The Frankfurt motor show is a biennial opportunity for Europe's manufacturers – in particular the German brands – to flex muscle and remind those in the American and Chinese markets that this is still a hotbed of creation and innovation.
This year's event is no different. There are significant launches, including the Audi A3 Cabriolet, the Hyundai i10 and the Mazda 3. There are 'preview concepts' such as the Citroen Cactus, Ford S-Max, Jaguar C-X17 and Smart Fourjoy.
Then there are pure showpieces such as Audi's Sport Quattro concept and the Volvo Concept Coupe - pointers to future trends, but no more than an outside bet to ever make production.
In all cases, this is a show with more hits than misses, and yet more promising signs that the car industry as a whole is trying its best to harness what economy recoveries there are in the world by bringing fresh, appealing, desirable products to market. We all stand to benefit from that.
Here, in no particular order, are our top 10 cars of the show:
One of the Frankfurt show's most significant launches was one of its smallest cars: the new Hyundai i10.
The latest generation of the popular city car is longer than before, in a bid to trump the class-leading VW Up on cabin space. On top of that, Hyundai is being bullish about interior quality and refinement; senior execs were quick to claim that the i10 is two decibels quieter at idle than the Up.
The new i10's styling is unlikely to set pulses racing, but it is a very neat reworking of what's gone before and an undeniably smart entry to the market. The cabin is more impressive still, with a tidy, modern design, textured plastics everywhere (all hard to the touch, as with the i10's rivals) and the promise of some 'big car' equipment, such as climate control, electric window controls for all four doors beside the driver, and heated front seats.
We were particularly impressed by the sense of space in the rear cabin, where the i10 felt at least as roomy as a VW Up, if not a little more capacious. Margins are tight in the city car market and since the i10 will still be sold as a value proposition, we'll need to wait to see how much Hyundai wants to charge for it. If early hints of 'around the same as the current car' are fulfilled, then this could be another hit.

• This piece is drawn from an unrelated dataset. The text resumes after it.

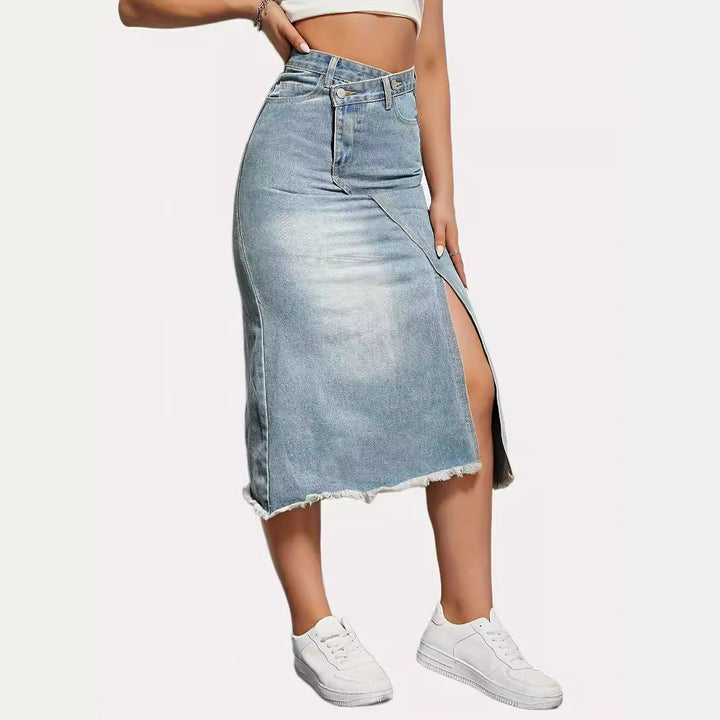 Kvinnens midi denim skjørt med høy midje og stilige frynser nederst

One of the most impressive unveilings at Frankfurt was the Citroen Cactus, a concept that gives a good idea of a production car that will arrive next spring as a rival for the Nissan Qashqai.
The Cactus – or C4 Cactus, as the road car will be called – is designed to offer sophisticated simplicity, in the same way that an Apple iPhone doesn't have many buttons but is perceived as upmarket. The Cactus looks like a small SUV, although its slim passenger area means that in fact you're sitting at roughly the same height as in a Citroen DS3 supermini.
It does have some novel touches that will make production, too, such as Airbump, a rubberised finish on the door panels that's designed to resist the sorts of scrapes and bumps you get in supermarket car parks.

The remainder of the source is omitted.